There are two ways you can manage the configuration templates in your deployment: through the Spot Console or through the API.
Spot Console
To manage your configuration templates in the Spot console, go to Ocean for Spark in the menu tree and click Configuration Templates. You should see your current list of configuration templates.

Click on "New Template" in the upper right corner and create a configuration template called my-template with the following content:
{ "sparkVersion": "3.2.0" }
To know more about the all configurations you can set in a template, check out the API reference.
API
The API routes under https://api.spotinst.io/ocean/spark/cluster/{your-cluster-id}/configTemplate let you manage configuration templates as a REST resource.
To know more about the API routes and parameters, check out the API reference.

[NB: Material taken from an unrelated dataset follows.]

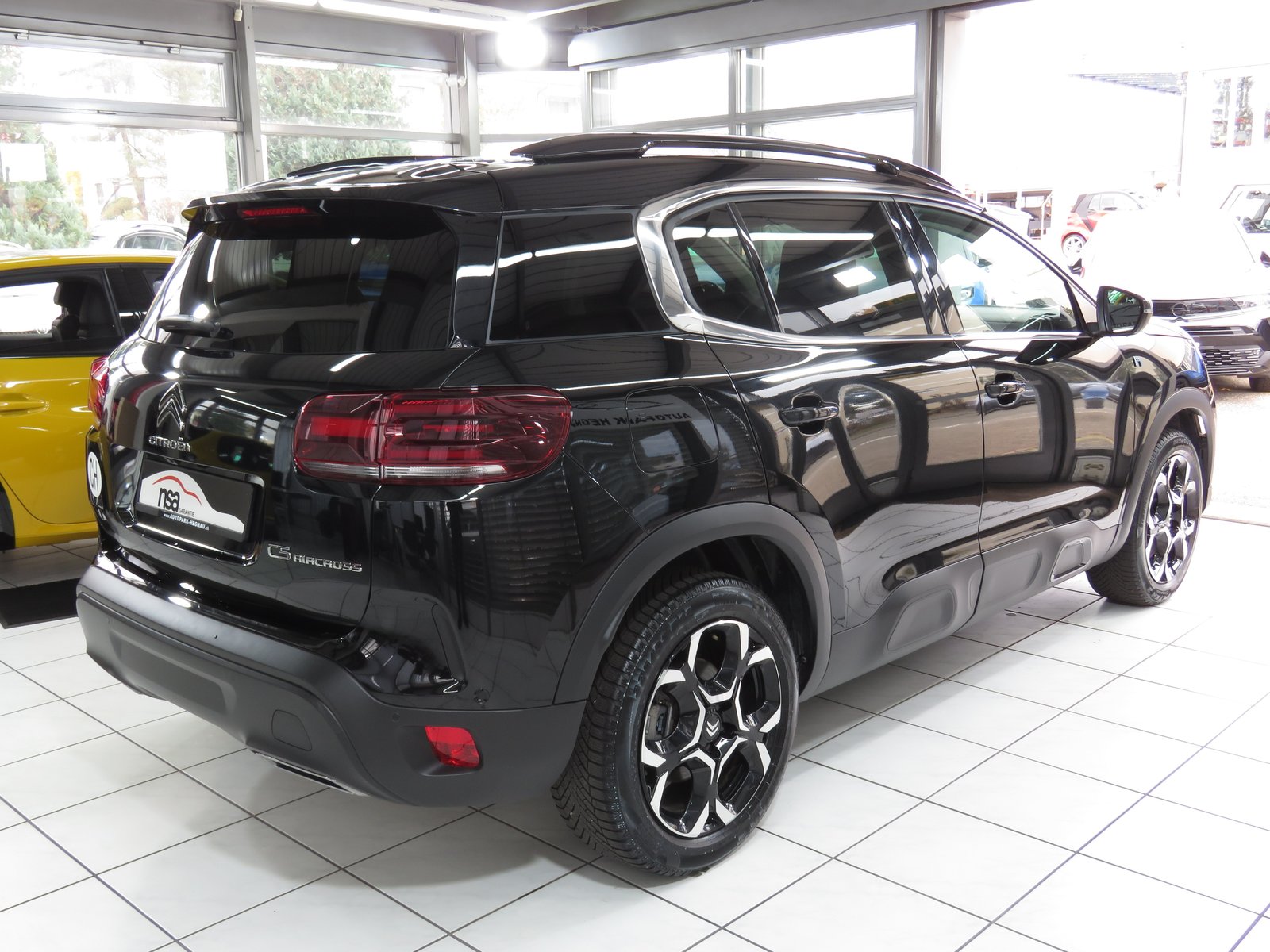 CITROEN C5 Aircross 1.6 PHEV Swiss Edition, Plug-in-Hybrid Benzina/Elettrica, Occasioni / Usate, Automatico - 4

The following command creates a configuration template with the ID my-template containing this block of Spark application configuration:
curl -X POST \
https://api.spotinst.io/ocean/spark/cluster/<your-cluster-id>/configTemplate \
-H 'Content-Type: application/json' \
-H 'Authorization: Bearer <your-spot-token> \
-d '{
"id": "my-template",
"config": {
"sparkVersion": "3.2.0",
}
The configuration template can now be used as a kernel for a Jupyter notebook or referenced when submitting a Spark application using the field configTemplateId:
curl -X POST \
'https://api.spotinst.io/ocean/spark/cluster/<your cluster id>/app?accountId=<your accountId>' \
-H 'Content-Type: application/json' \
-H 'Authorization: Bearer <your-spot-token> \
-d '{
"jobId": "daily-upload",
"configTemplateId": "my-template",
"configOverrides": {
"type": "Scala",
"mainApplicationFile": "s3a://acme-assets/processing-1.0.0.jar",
"mainClass": "com.acme.processing.DailyUpload",
"image": "gcr.io/ocean-spark/spark:platform-3.2-latest",
"arguments": ["2022-01-01"]
}
Ocean Spark merges the configurations from the configuration template and the config overrides. The configurations in configOverrides have higher precedence than the configuration template.
Job Configurations
Just like configuration templates, you can define job-specific configurations using the Spot console or the API (see API docs).
To edit the configuration for a job from the Spot console, go to Ocean Spark in the menu tree, click on Jobs, find the Job that you're interested in, and then click on the Configuration Tab.
Job configurations have a higher precedence than configuration templates, but a lower precedence than config overrides.